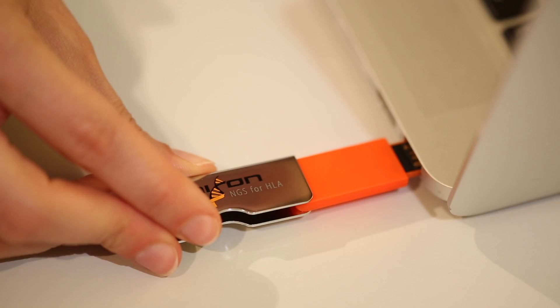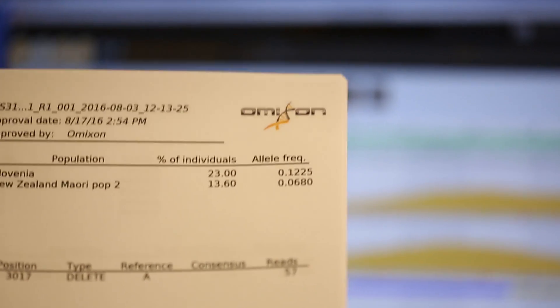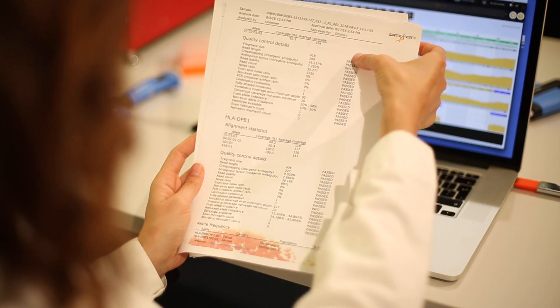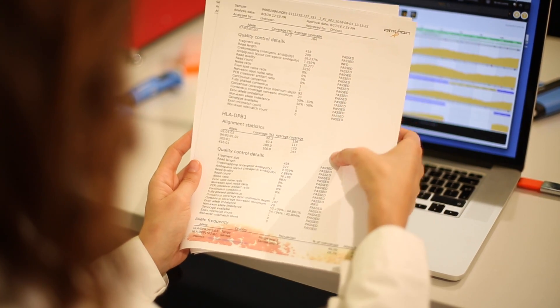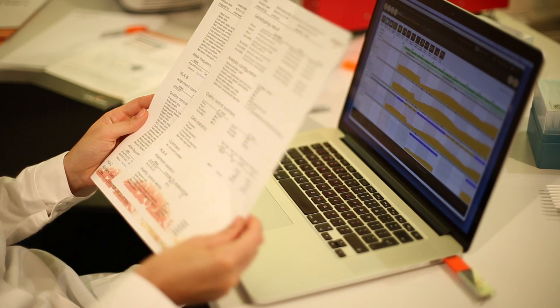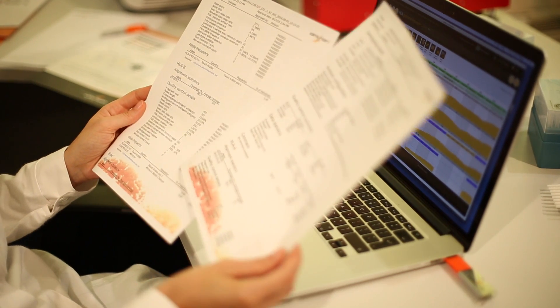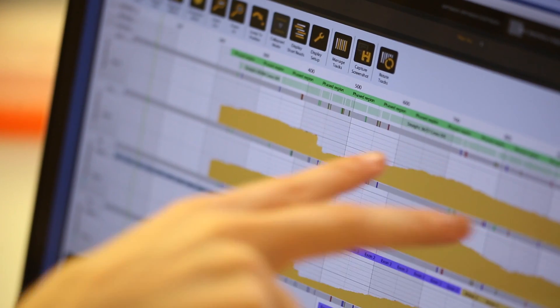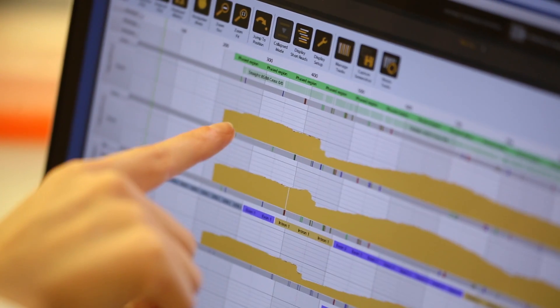Reporting and storing your results with HLA-Explore is easy, as you can export every genotyping call either in HTML or PDF format with fully customised parameters.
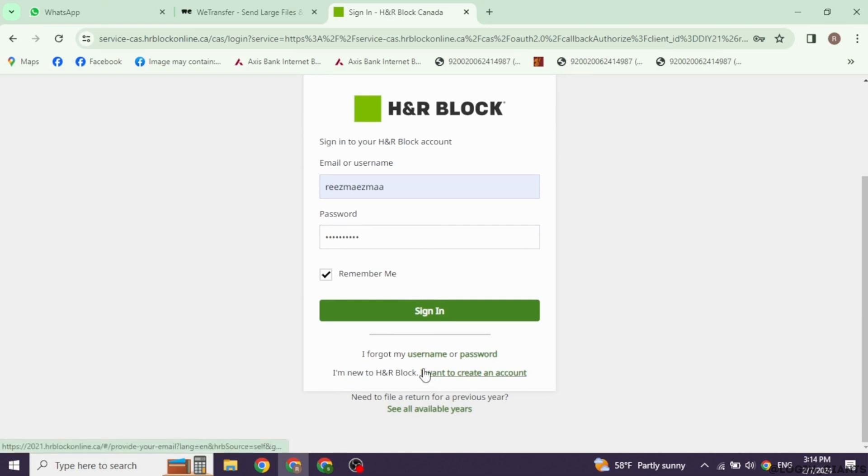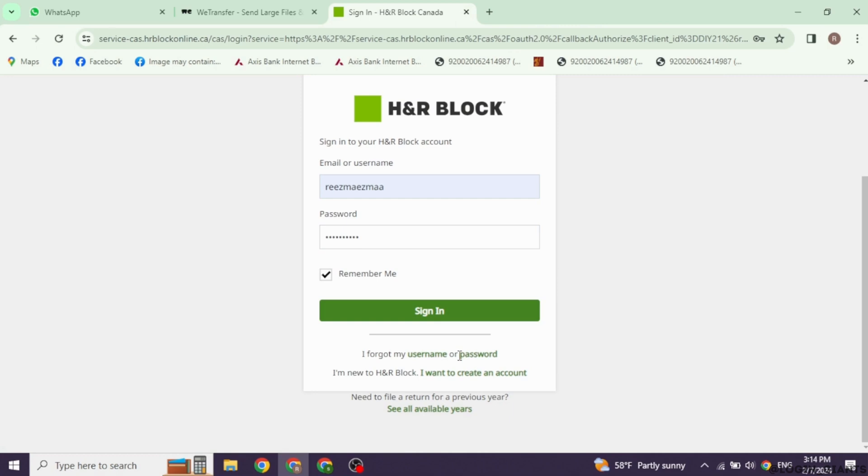In the case you have forgotten your username or password, you can click on these options to recover it. If you haven't registered for your account yet, you can click on this option, I want to create an account and register for your account.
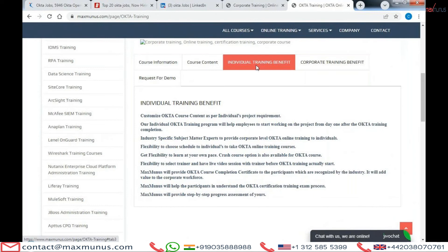What are the individual training benefits from Maxwell's? Customized training for individuals is our main focus. We provide industry-specific subject matter expert trainers for individual projects. You have the flexibility to select your trainer and have a live demonstration with the trainer before the start of the OCTO training. Each candidate will get to know the OCTO certification exam process.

★ ★ ★ ★ ★ ★ ★

Work order = Copy out every line of the material above exactly, skipping the pictures.

Task solution =
Reporting and storing your results with HLA-Explore is easy, as you can export every genotyping call either in HTML or PDF format with fully customised parameters.
In the case you have forgotten your username or password, you can click on these options to recover it. If you haven't registered for your account yet, you can click on this option, I want to create an account and register for your account.
What are the individual training benefits from Maxwell's? Customized training for individuals is our main focus. We provide industry-specific subject matter expert trainers for individual projects. You have the flexibility to select your trainer and have a live demonstration with the trainer before the start of the OCTO training. Each candidate will get to know the OCTO certification exam process.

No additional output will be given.